Но здесь важен вопрос регулирования: что объявит государство с точки зрения квотирования, особенно с учетом ситуации с коронавирусом и продовольственной безопасностью. Очевидно, что объем экспорта может быть как минимум на 15 млн тонн выше с учетом переходящих остатков, чем в прошлом году. Но этот баланс уже регуляторы рассчитают. Наши оценки — что 49–50 млн тонн вполне можно экспортировать.
— Насколько остро вы ощутили влияние пандемии?
— Сельскохозяйственные перевозки продолжают находиться на достаточно высоком уровне, в этом сегменте мы не испытали серьезных рыночных сложностей. Что касается внутренней деятельности, компания ни на минуту не остановилась, хотя сотрудники перешли на удаленный режим. Мы не испытали потери управляемости, все работало, мелькомбинаты обеспечивались зерном в срок, экспорт шел. Все эти годы мы инвестировали в IT, чтобы клиенты могли максимально не зависеть от бумажной волокиты. Сейчас эти вложения оправдались.
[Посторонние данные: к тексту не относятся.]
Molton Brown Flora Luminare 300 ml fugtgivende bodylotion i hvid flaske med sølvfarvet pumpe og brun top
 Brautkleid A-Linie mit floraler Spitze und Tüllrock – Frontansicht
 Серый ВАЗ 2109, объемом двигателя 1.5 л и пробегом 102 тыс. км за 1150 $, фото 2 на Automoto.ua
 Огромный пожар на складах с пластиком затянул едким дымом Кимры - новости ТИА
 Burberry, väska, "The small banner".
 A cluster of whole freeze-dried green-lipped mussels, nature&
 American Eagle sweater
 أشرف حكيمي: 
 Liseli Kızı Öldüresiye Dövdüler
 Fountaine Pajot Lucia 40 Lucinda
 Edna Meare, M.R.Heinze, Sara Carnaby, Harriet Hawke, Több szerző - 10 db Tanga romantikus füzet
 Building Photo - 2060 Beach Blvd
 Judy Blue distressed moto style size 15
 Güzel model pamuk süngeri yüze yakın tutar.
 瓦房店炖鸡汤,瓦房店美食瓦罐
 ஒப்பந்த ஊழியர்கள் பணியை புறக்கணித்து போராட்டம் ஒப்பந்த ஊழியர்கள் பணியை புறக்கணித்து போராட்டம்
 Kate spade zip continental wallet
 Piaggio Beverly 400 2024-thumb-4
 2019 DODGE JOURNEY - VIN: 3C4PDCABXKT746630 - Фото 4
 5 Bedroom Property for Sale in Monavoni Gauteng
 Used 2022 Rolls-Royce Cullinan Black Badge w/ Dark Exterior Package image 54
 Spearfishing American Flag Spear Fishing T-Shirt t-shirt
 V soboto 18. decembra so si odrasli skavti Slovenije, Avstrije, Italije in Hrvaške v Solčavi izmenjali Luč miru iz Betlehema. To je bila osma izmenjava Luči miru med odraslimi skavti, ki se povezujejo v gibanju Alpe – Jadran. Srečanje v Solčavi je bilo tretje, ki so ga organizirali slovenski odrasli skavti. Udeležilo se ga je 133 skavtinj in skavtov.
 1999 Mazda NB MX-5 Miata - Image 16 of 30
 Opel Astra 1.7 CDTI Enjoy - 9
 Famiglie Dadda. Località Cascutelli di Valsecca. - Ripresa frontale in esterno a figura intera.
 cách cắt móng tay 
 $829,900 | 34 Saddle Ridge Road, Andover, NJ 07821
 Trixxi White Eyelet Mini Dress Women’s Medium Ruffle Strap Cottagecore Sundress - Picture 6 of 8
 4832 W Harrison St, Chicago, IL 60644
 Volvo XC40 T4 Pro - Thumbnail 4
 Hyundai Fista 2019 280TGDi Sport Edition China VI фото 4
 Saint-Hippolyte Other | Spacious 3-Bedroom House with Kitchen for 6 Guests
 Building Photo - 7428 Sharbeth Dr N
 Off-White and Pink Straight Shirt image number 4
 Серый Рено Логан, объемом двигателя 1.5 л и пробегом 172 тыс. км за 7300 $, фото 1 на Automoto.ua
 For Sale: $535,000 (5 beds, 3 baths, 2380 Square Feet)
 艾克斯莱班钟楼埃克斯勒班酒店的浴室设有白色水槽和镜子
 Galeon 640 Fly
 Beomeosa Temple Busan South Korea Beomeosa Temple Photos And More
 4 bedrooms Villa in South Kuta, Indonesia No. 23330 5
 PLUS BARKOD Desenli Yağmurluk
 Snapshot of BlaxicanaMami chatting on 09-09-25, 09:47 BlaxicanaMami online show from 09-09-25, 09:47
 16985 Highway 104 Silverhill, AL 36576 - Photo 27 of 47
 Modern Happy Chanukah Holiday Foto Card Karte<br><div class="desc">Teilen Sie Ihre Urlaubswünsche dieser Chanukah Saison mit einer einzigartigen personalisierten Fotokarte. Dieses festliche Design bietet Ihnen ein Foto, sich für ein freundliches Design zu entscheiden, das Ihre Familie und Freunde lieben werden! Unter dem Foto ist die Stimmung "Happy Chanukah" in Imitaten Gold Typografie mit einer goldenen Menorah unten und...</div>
Мы все еще раз убедились, что фокус на несырьевом сегменте экономики себя оправдывает. Мы видим, как драйвером экспорта становятся возобновляемые ресурсы, в первую очередь зерно. Что получило развитие в контексте пандемии? IT, фарма и сельское хозяйство. Я бы назвал эти отрасли базовыми для XXI века. Наш бизнес связан с сельским хозяйством — IT и фармацевтикой мы, к сожалению, не занимаемся.
Да, сегменты, связанные с перевозкой генеральных грузов и леса, испытали определенные трудности: Китай вводил санитарные ограничения большого объема и т. д. Здесь есть определенные шоки, но в целом ситуация 2020 года показала, что мы не ошиблись при прогнозировании, в каком секторе строить бизнес.
— Каковы риски в связи с возможным повторным введением квотирования экспорта?
— Мы считаем, что подобные меры ни в коем случае не должны демотивировать производство. То есть при определении квоты нужно очень осторожно подходить к балансу. Фермеры не мыслят государственными категориями: каждый мыслит категориями своего хозяйства. И если фермер поймет, что 20% каждый год не может продать, он просто не будет производить этот объем, ведь зерно предыдущего урожая ниже стоимости нового. Баланс нужно очень точно рассчитывать, тогда проблем не будет. Но если эти решения не позволят каждому конкретному производителю реализовывать определенный объем, возникнут проблемы. Мне кажется, это очень сложная задача, с которой, надеюсь, регулятор с честью справится. Главное — не включить процесс демотивации.
— Что вы думаете о ситуации на рынке перевозок — как в хопперах, так и в целом?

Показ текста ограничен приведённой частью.